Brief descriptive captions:
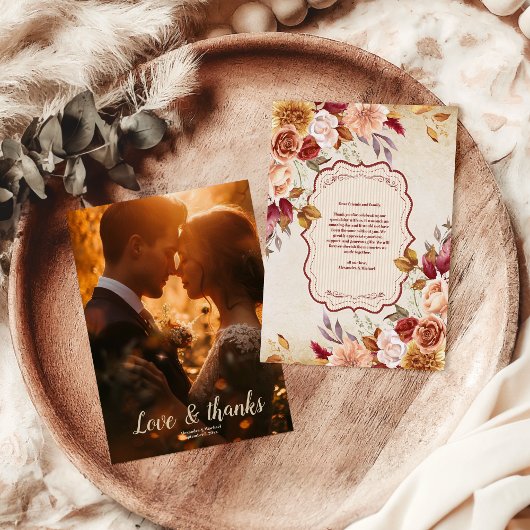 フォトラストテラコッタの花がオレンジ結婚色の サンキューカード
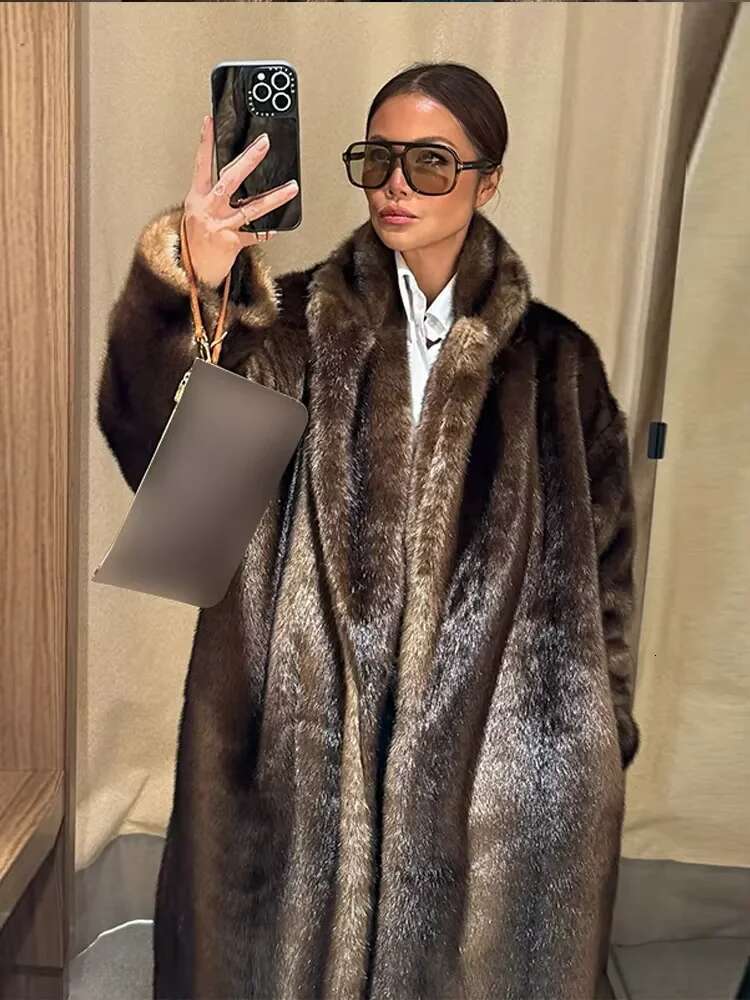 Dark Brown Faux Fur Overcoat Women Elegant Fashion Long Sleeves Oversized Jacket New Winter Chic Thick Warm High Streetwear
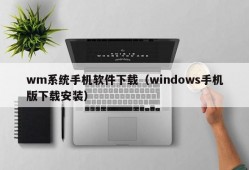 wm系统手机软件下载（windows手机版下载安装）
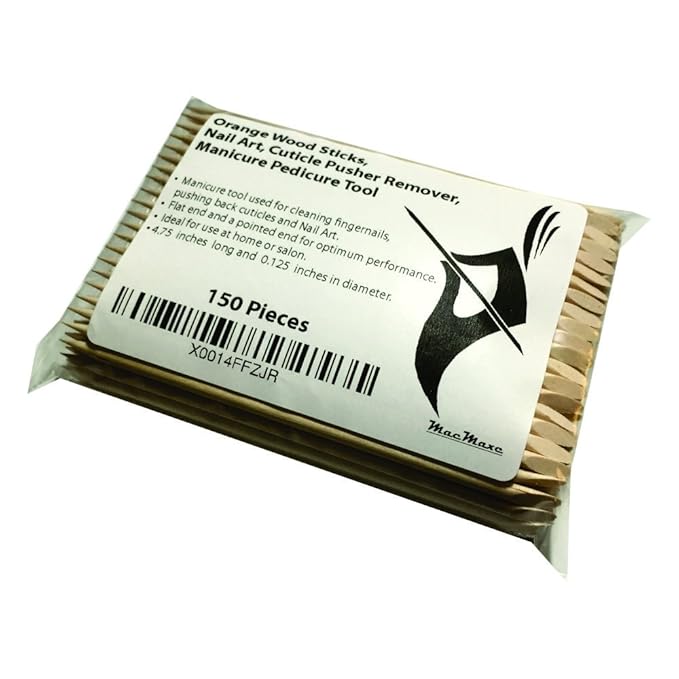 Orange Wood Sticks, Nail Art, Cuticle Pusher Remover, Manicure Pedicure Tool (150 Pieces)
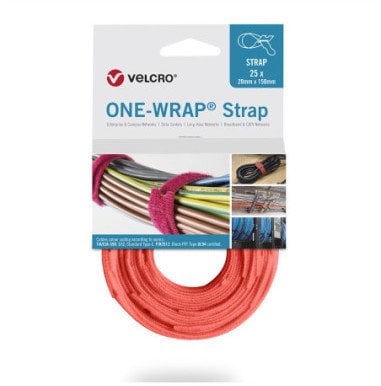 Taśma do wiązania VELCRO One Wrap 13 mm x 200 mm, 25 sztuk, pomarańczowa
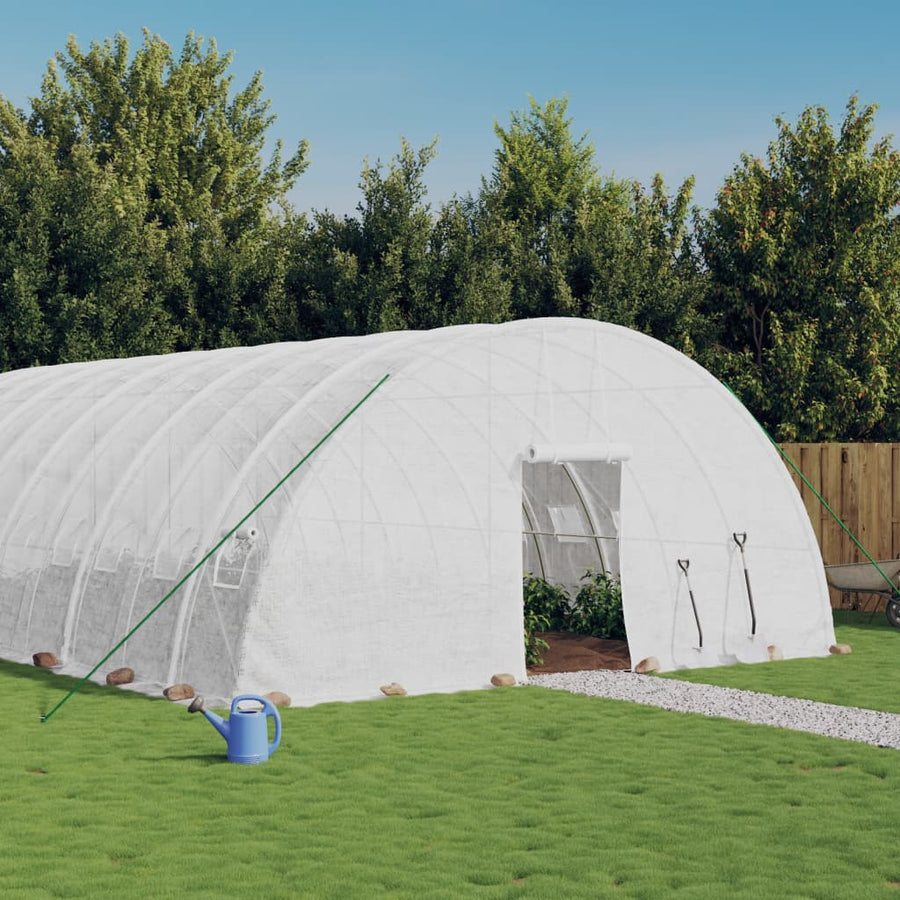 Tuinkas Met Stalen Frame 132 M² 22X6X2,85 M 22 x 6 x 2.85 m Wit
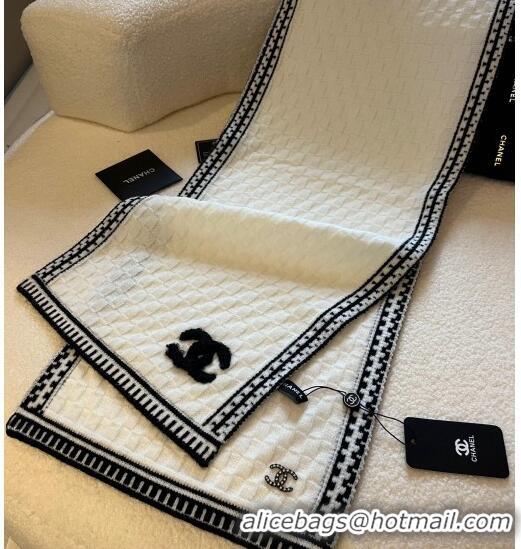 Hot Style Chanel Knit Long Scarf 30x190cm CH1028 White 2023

#### [Problem description]
Exclude all pictures and reproduce exactly the lines from the one containing "Taśma do wiązania" through the final line of the entries above.

#### [Solution to this task]
 Taśma do wiązania VELCRO One Wrap 13 mm x 200 mm, 25 sztuk, pomarańczowa
 Tuinkas Met Stalen Frame 132 M² 22X6X2,85 M 22 x 6 x 2.85 m Wit
 Hot Style Chanel Knit Long Scarf 30x190cm CH1028 White 2023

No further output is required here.